The original H760 bias stabilization transistor in each channel is Toshiba 2SC496. One of them has a low current gain of 31 (according to the database this parameter should be >70 for rank O). I replaced each 2SC496 with a new Fairchild MJE243G transistor.

Each power amplifier board has one solid tantalum capacitor C761 and two aluminum electrolytic capacitors (C759, C760).

The original solid tantalum capacitor was replaced with a low-leakage Nichicon UKL cap. The remaining aluminum e-caps were replaced with Nichicon UPW low-impedance capacitors.

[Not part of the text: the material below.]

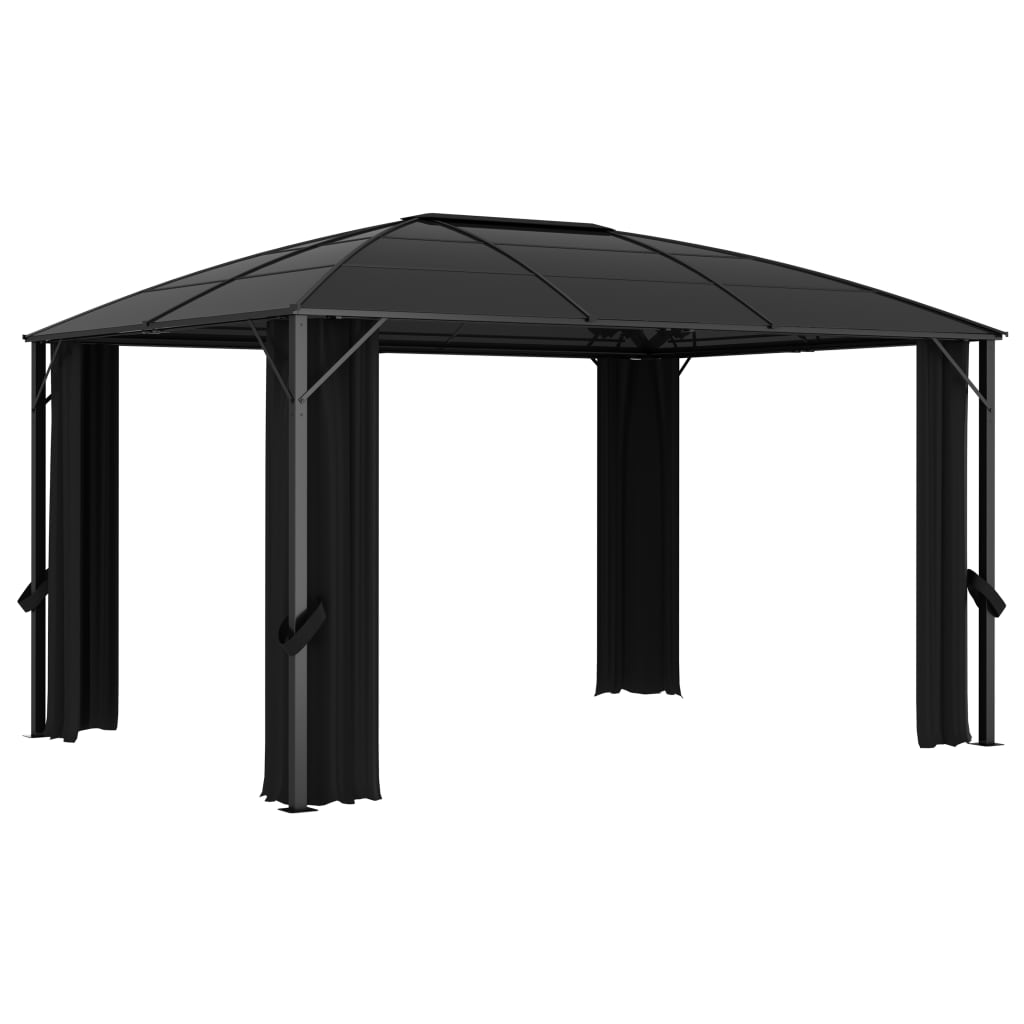 Pavillon Mit Vorhängen 400 X 300 X 265 Cm Anthrazit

Test results on original capacitors removed from the power amplifier boards:

left channel:

C759: rated capacitance – 10uF, measured – 12uF, ESR – 2.2Ω, deviation: +20%

C760: rated capacitance – 10uF, measured – 12uF, ESR – 2.4Ω, deviation: 20%

C761: rated capacitance – 22uF, measured – 24uF, ESR – 2.0Ω, deviation: +9%

right channel:

C759: rated capacitance – 10uF, measured – 12uF, ESR – 2.1Ω, deviation: +20%

C760: rated capacitance – 10uF, measured – 13uF, ESR – 2.4Ω, deviation: +30%

C761: rated capacitance – 22uF, measured – 25uF, ESR – 2.2Ω, deviation: +14%

The first stage of the power amplifier circuit is a differential amplifier consisting of two amplifying transistors with a common emitter: H751/H752. The original PNP transistor installed in these positions is 2SA640. This transistor is not on my list of infamous transistors prone to failure. However, testing each pair of transistors installed in the differential amplifier always makes sense to ensure they are still well-matched.

As can be seen from the test below, the mismatch of each pair of original transistors in the left and right channels is still very small: ~3% (left channel) and ~1% (right channel). However, I decided to replace each pair of the original 2SA640s with a closely matched pair (within 1%) of modern Fairchild KSA992 low-noise transistors to improve the reliability of the differential amplifier. I put a slight smear of new thermal paste on one face of KSA992 and pressed both transistors together. Heat shrink tubing was used to hold them together mechanically.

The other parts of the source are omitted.